In the middle of Myanmar’s central “dry zone” lies an area once home to tens of thousands of glittering temples, pagodas and monasteries – Bagan. Although it is not the very beginning of Myanmar history, it is possibly the first symbol of Myanmar’s glories and grandeur.

There is a saying in Myanmar that until you set foot on Bagan, you haven’t necessarily been to Myanmar. Bagan is so much cherished and valued with much sentiment by people across all backgrounds in Myanmar – be they Buddhists or those of other religious affiliations – that even after hundreds of years after this ancient city’s demise, it still remains atop the country’s travel list not just as a popular tourist destination but as the most sacred place of pilgrimage as well.

The history of Bagan is as mysterious as the city itself. Folklores date the city to as far back as the mid-to-late 9th Century AD. At the time of its founding, Bagan was just a city-state among many other competing warring city-states in the present-day Myanmar and some neighbouring Southeast Asian countries. It was in the mid-11th Century, however, during the reign of King Anawrahta (1044-1077AD) that Bagan’s political power spread beyond the central dry zone as Anawrahta successfully unified all the scattering countries and city-states into one big kingdom.

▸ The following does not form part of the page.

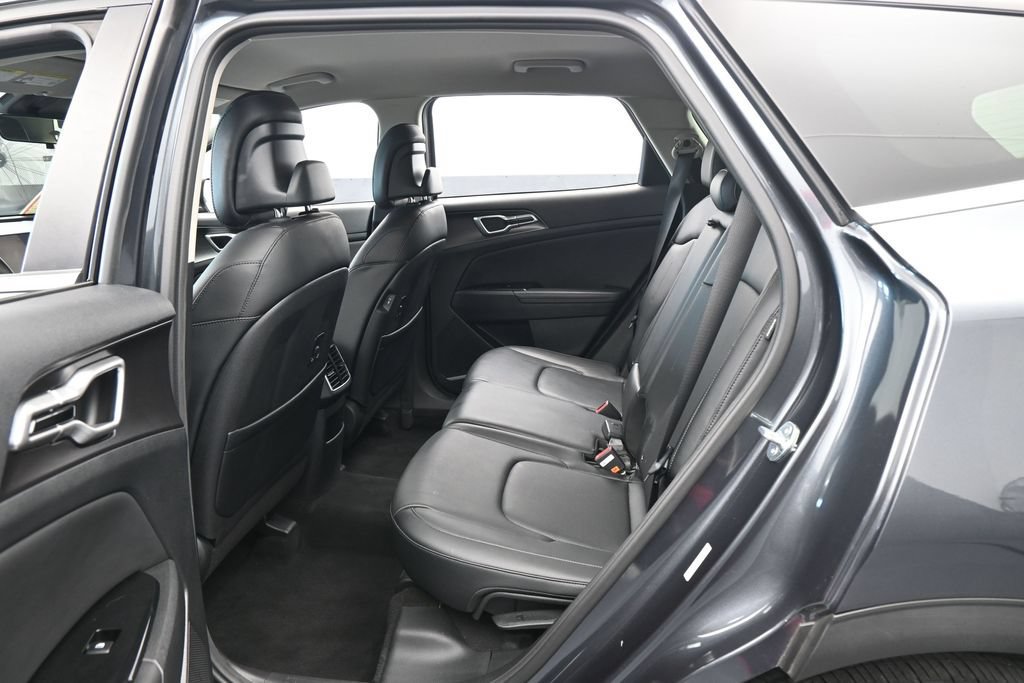 Used 2024 Kia Sportage EX FWD image 32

It was during his reign as well that Theravada version of Buddhism began to gain predominance over Hinduism and other sects of Buddhism that had already spread to the country since earlier times. The kingdom of Bagan, now both politically and economically prevailing , also became rich culturally – inventing Myanmar scripts based on Mon scripts, adopting a more organized system of governance, and acquiring skills of arts and crafts, raising the people of Bagan to a civilized status. The evidence of their civilization sure are those thousands of temples – all along with their architecture, engineering and fantastic craftsmanship – that still boasts as a city worth visiting to see the trails of Bagan’s ancient glories.

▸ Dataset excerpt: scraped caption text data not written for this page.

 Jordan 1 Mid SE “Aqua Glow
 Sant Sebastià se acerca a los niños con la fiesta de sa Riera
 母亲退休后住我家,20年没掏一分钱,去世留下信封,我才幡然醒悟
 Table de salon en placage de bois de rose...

While the civil architectures of that era have been lost forever, many religious buildings built during the golden era of Bagan, paid for by the royal families and the well-off commoners alike – have survived to date, numbering more than 2,200, attracting millions of tourists and pilgrims every year. Natural disasters such as earthquakes have severely damaged the ancient temples many times but the original structures of those stupas still remain largely intact.

Bagan’s stars began to wane starting the late-13th century due to Mongol invasions and internal rivalries. The empire gradually broke into smaller kingdoms and city-states ever since. However, the heritage the city has left proves its glories once existent, and reminds us of both physical might and spiritual toughness of the people Bagan nearly 1000 years ago.

Processes are now underway now for the city to be included on UNESCO’s World Heritage List.